Thomas’ family said he died Friday. He had a stroke May 24, caused by a tear of the basilar artery in the brain stem.

“Yesterday, I lost my universe, my best friend and my soulmate of 24 years. Kurt lived his life to the extreme, and I will be forever honored to be his wife,” wife Beckie Thomas told International Gymnast Magazine.

Thomas ranks as one of Indiana State University’s greatest athletes. He was a four-time United States Gymnastics Federation champion as well as an Olympian.

In 1975 he won five medals at the Pan-American Games. He competed as a member of the 1976 U.S. team and would have participated in the 1980 games in Moscow — where he would have been favored to win the all-around championship as the best gymnast in the world — were it not for the U.S. boycott of those games.

After competing in the 1976 Montreal Olympics, Thomas won the floor exercise in the 1978 world championships in Strasbourg, France, for the first U.S. men’s title. In the 1979 worlds in Fort Worth, Texas, he successfully defended the floor exercise title and won the horizontal bar.

He was a five-time NCAA champion, winning the parallel bars and all-around in 1977 and parallel bars, horizontal bar and the all-around in 1979 and also has a pommel horse move, the Thomas Flair, named for him.
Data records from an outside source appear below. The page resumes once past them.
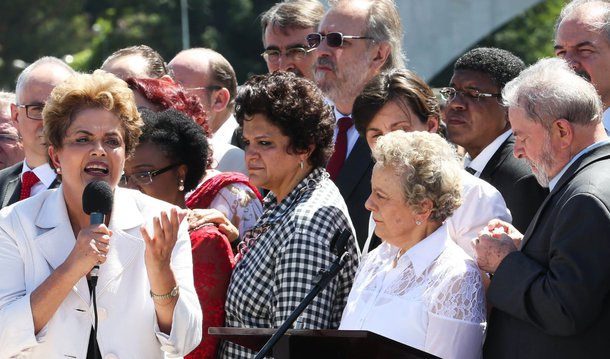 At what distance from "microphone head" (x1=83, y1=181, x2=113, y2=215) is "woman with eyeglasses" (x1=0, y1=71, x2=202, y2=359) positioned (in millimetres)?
22

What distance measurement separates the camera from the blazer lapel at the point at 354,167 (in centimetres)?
669

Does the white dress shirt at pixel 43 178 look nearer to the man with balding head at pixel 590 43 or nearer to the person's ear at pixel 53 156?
the person's ear at pixel 53 156

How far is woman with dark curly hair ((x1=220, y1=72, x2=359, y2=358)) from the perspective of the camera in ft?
17.9

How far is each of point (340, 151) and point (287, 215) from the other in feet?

Thomas helped lead the men’s gymnastics to the 1977 National Championship. He earned All-America honors 13 times in his career and was the James E. Sullivan award winner as the nation’s best amateur athlete in 1979.

After missing out on the 1980 Olympics, Thomas turned professional, starred in the 1985 movie “Gymkata” and worked as a television commentator. He and Beckie owned and ran Kurt Thomas Gymnastics in Frisco, Texas.
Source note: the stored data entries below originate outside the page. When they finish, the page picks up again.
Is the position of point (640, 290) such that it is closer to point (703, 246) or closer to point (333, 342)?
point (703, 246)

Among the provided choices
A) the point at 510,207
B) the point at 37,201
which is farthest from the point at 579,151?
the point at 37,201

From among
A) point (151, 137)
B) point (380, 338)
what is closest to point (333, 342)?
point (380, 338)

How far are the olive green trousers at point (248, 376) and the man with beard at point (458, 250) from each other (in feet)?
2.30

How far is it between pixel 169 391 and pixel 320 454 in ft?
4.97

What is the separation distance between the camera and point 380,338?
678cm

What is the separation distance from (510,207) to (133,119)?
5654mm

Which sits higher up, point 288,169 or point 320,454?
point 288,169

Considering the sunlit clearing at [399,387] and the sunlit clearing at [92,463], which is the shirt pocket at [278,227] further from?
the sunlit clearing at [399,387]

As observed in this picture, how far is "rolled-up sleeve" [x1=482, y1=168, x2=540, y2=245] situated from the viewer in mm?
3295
He was inducted into the Missouri Valley Conference Hall of Fame in 2010.

“I am completely devastated to hear this,” Olympic teammate Bart Conner told International Gymnast Magazine. “Kurt was a fierce rival, who went on to become a cherished friend. My heart is breaking for his wife, Beckie, his children, Hunter, Kassidy and Kurt, as well as the entire gymnastics community, who lost a true pioneer today.”

“All of us in the gymnastics family are sadden, shocked and devastated by the passing of our own,” Nadia Comaneci tweeted. “Love to the family.”